H. B., Köln

Die rund 7000 persischen Studenten in der Bundesrepublik atmen auf: Endlich soll die Tätigkeit ausländischer Nachrichtendienste in der Bundesrepublik untersucht werden. Der Vorsitzende des Bundestagsausschusses für Inneres, Hermann Schmitt-Vockenhausen (SPD), hat Bundesinnenminister Paul Lücke ersucht, den Abgeordneten darüber zu berichten „und gegebenenfalls Vorschläge für eine gesetzliche Regelung zu unterbreiten“. Die Aktivität des Abgeordneten hängt mit dem immer noch ungeklärten Verschwinden zweier persischer Studenten aus Bonn zusammen. Der Abgeordnete ließ sich von den Befürchtungen und Mutmaßungen der Landsleute der beiden Verschwundenen unterrichten. Im Mittelpunkt aller Kombinationen steht seit langem die SAVAK, der iranische Geheimdienst. Über die Tätigkeit der SAVAK kursieren unter den persischen Studenten an den, deutschen Universitäten Berichte, die – träfen sie zu – in der Tat dringend nach einer Untersuchung durch deutsche Behörden und das Parlament verlangen. Die Anregung des SPD-Abgeordneten, ob es nicht zweckmäßig sei, daß die Bundesregierung, „die Tätigkeit ausländischer Nachrichtendienste auf ihrem Gebiet unterbindet“, zielt auf die SAVAK.

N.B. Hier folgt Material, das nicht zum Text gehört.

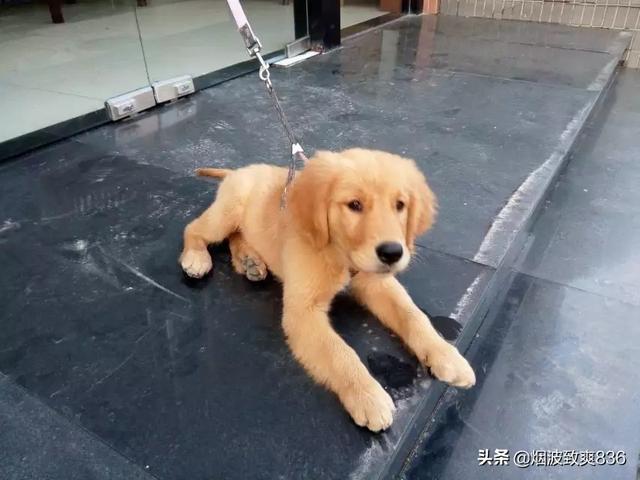 金毛狗狗图片:金毛或者大型犬一般活到几岁去世，是否需要绝育？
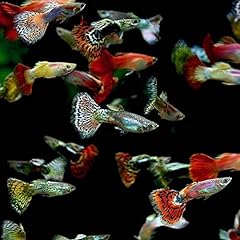 Fancy guppy males for sale  Delivered anywhere in USA 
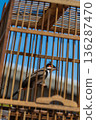 Red-whiskered Bulbul Singing Inside Traditional Wooden Birdcage 136287470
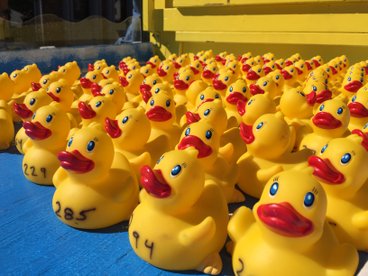 Alphington Youth Football Club | Annual Duck Race & Family Fun Day | Sunday 26th May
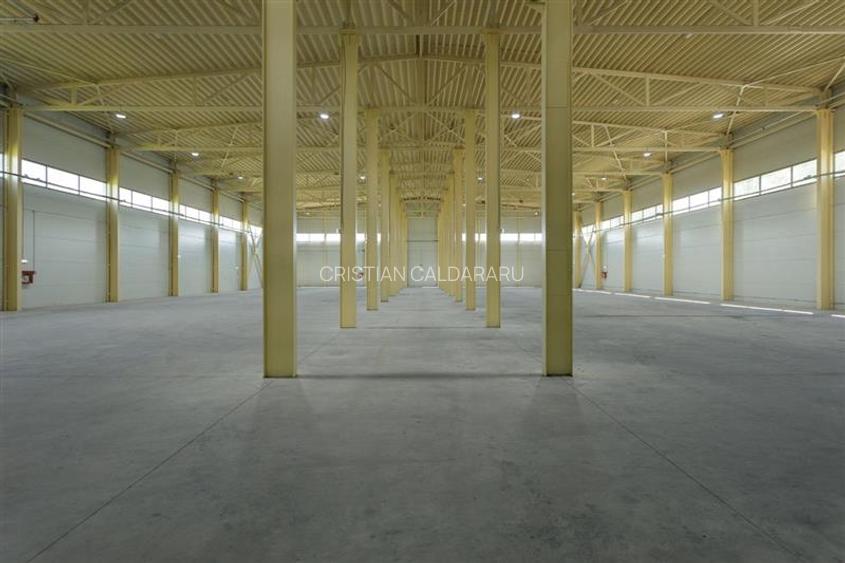 Inchiriere depozit/hala/spatiu industrial Otopeni - Centura - 28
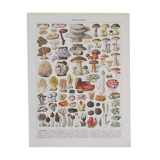 Original botanical plate "Mushrooms II" from 1929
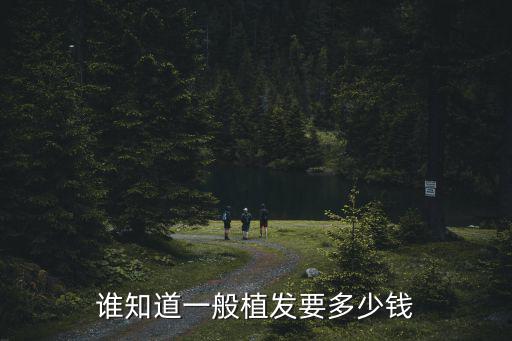 植發要多少錢一般，誰知道一般植發要多少錢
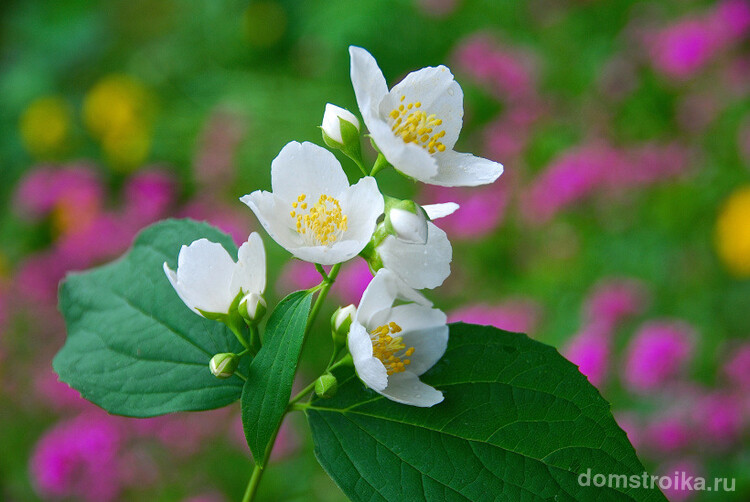 Кустарник жасмин.  Знакомый всем нам "садовый жасмин" - нежные белые цветы, источающие сильный теплый сладкий аромат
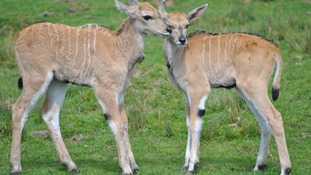 Port Lympne, Kent, eland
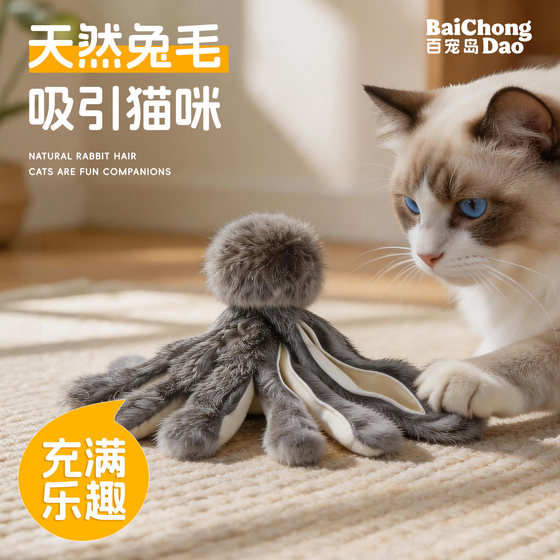 Baipetdao Feather Cat Flirting Stick Self-Entertainment Hunting Resistant to Bite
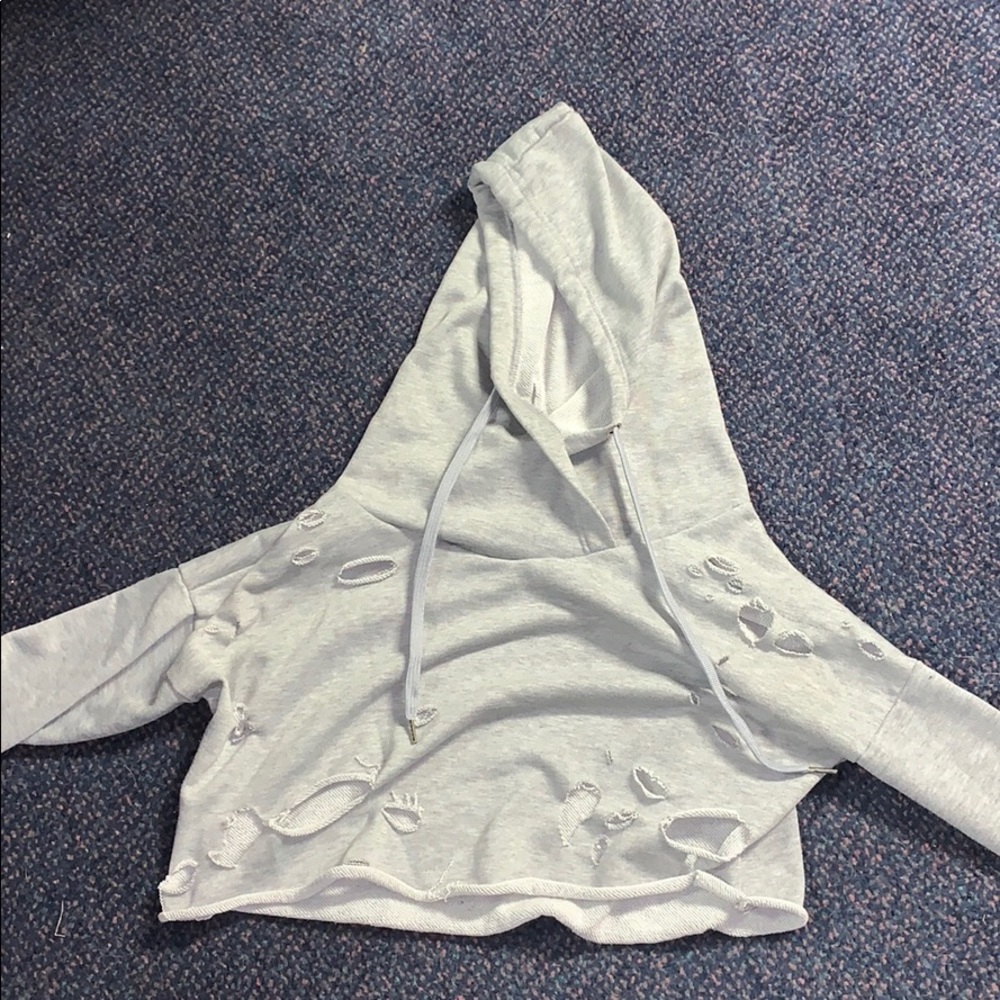 cropped sweatshirt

Zwischen der Arbeit der Alliierten und dem Treiben der Ostblock-Geheimdienste gibt es die stille und von keinem Strafparagraphen bedrohte Arbeit anderer ausländischer Nachrichtendienste, die viel schwerer zu kontrollieren ist, weil sie nicht der Spionage dient. Schmitt-Vockenhausen nannte als – überholtes – Beispiel die französische Organisation „Rote Hand“, die während der Algerien-Krise auch in der Bundesrepublik Terror gegen Landsleute und Algerier verbreitete.

Seit eineinhalb Jahren ist bekannt, daß in der Bundesrepublik ein persischer Geheimdienst operiert. Das Organ der dem Schah wenig geneigten „Europäischen Organisation der Iranischen Nationalfront“, die „INF-Informationen“, berichteten in ihrer Ausgabe Nummer 4 vom August 1964 auf der ersten Seite unter der Überschrift „SAVAK“: „Der iranische Geheimdienst hat in Köln in der Bonner Straße 180, sein Zentralbüro für Europa errichtet. Dieses Büro steht unter der Leitung des Generals Alawi Kia. Es ist unter der Telephonnummer Köln 38 76 53 zu erreichen.“ In einem zweiten Bericht des Informationsdienstes wurden unter der Schlagzeile „SAVAK-Methoden in Europa?“ die Ziele des Geheimdienstbüros geschildert: das Aufspüren und Ausschalten regierungsfeindlicher Landsleute.

Herausgeber der INF-Informationen und Chef der Nationalfront in der Bundesrepublik ist der Student Hassan Massali, der sich kürzlich in Kiel, wo der Informationsdienst erscheint, unter Polizeischutz stellen mußte. Nach dem Verschwinden der beiden Studenten aus Bonn fürchtete er um sein Leben. Massali kennt den Einfluß der SAV AK-Niederlassung in Deutschland aus eigener Erfahrung: Ende 1964 mußte er auf Veranlassung der iranischen Botschaft bei der SAVAK antreten, nachdem er vergeblich ein Visum für eine Reise nach Neuseeland beantragt hatte. Nachdrücklich wurde Massali ermahnt, sich kaisertreu zu verhalten.

Von persischer Seite wird behauptet, bei den oppositionellen Studenten handle es sich um Anhänger des Kommunismus und der iranischen Tudeh-Partei, die zum Schah in Opposition steht. Solche Vermutungen finden in der Bundesrepublik Zustimmung. So verbreitete im Februar 1965 der Düsseldorfer „Mittag“ die Meldung, daß ein Attentat auf den Schah befürchtet werde, und zwar von Studenten aus Kreisen, die der Tudeh-Partei angehören oder ihr nahestehen. Die SAVAK habe deshalb, so hieß es in dem Bericht, mit deutschen Sicherheitsstellen konferiert.

Wenn auch noch nicht recht zu erkennen ist, wie die Tätigkeit von Nachrichtendiensten fremder oder gar befreundeter Staaten – die der westlichen Verbündeten ausgenommen – gesetzlich unterbunden oder besser überwacht werden soll, wird die Initiative Schmitt-Vockenhausens nicht nutzlos sein. Manche Geheimdienste, vor allem die SAVAK, müssen damit rechnen, daß ihr Treiben endlich unter die Lupe genommen wird.